◆「忙しい」点検拒む店舗も、迫る指導員の“時間切れ”

北九州市消防局によると、調査すべき飲食店の9割は1回目の点検を終えた。残る1割は店側に「忙しい」などと拒まれている。そもそも店主と連絡がとれない店もあるという。
防火指導員「よその区の調査員とも情報交換しますが何件か電話がつながらない。店に固定電話がなく、携帯電話は不動産会社も教えてくれないので、連絡のとりようがないんです」

防火指導員とともに北九州市が新たに設置したのが、大学教授や市場関係者で構成される検討会だ。その中では、任期が2023年3月までの「防火指導員」制度を4月以降も継続すべきだという意見が出ている。検討会のメンバーの1人は話す。

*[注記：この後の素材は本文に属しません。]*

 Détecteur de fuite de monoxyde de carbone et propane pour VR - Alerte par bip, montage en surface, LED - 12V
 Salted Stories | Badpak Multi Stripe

東京理科大学総合研究院火災科学研究所・小林恭一教授「市場はこれからもどんどん危険になってくる。古くなったり空き家が増えたり火災の危険度があがってくる。それなのに防火指導員が今年度末で終わってしまうのは考えられない」
◆短期間で2度の大火、3度目を防ぐには

検討会では、増える空き店舗の防火対策についても議論が交わされている。去年10月に同じ北九州市の商店街(八幡東区)で、空き店舗の電気系統トラブルが原因とみられる火災が起きたためだ。人口減少と高齢化に伴い、活気のあった北九州市内の市場は様変わりした。管理の行き届かない空き店舗も少なくない。これまでに「漏電ブレーカーの設置」「退居の際にブレーカーを切る」「所有者による点検」などが検討されてきた。先出の小林教授は「空き家を放置しない街づくり」に変えていくべきだと考えている。

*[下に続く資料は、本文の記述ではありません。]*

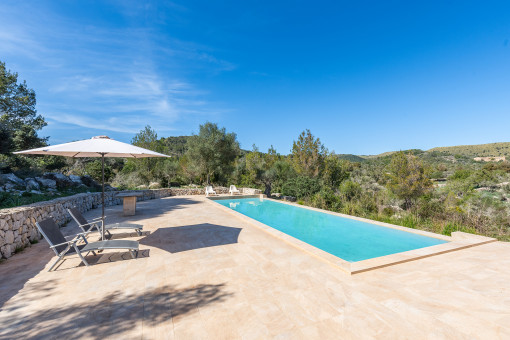 Poolbereich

小林恭一教授「空き家は電気がいらないのであればブレーカーを切っておく。空き家が増えて今の木造市場がすべて空き家になることがいずれ起きるかもしれない。それをどうするかは街づくりとして考えるべきです。簡単にはできないと思いますが、市の都市計画の範疇だと思います」

検討会での議論を受け、北九州市消防局は「できるものから着実に進めたい」とコメントしている。4月以降の方針はまだ決まっていいない。もう二度と繰り返すまいと叫ばれた大火は2度起きた。3度目を防ぐカギは、店舗側の「防火意識」と行政の「長期的な視野を持った対策」が握っている。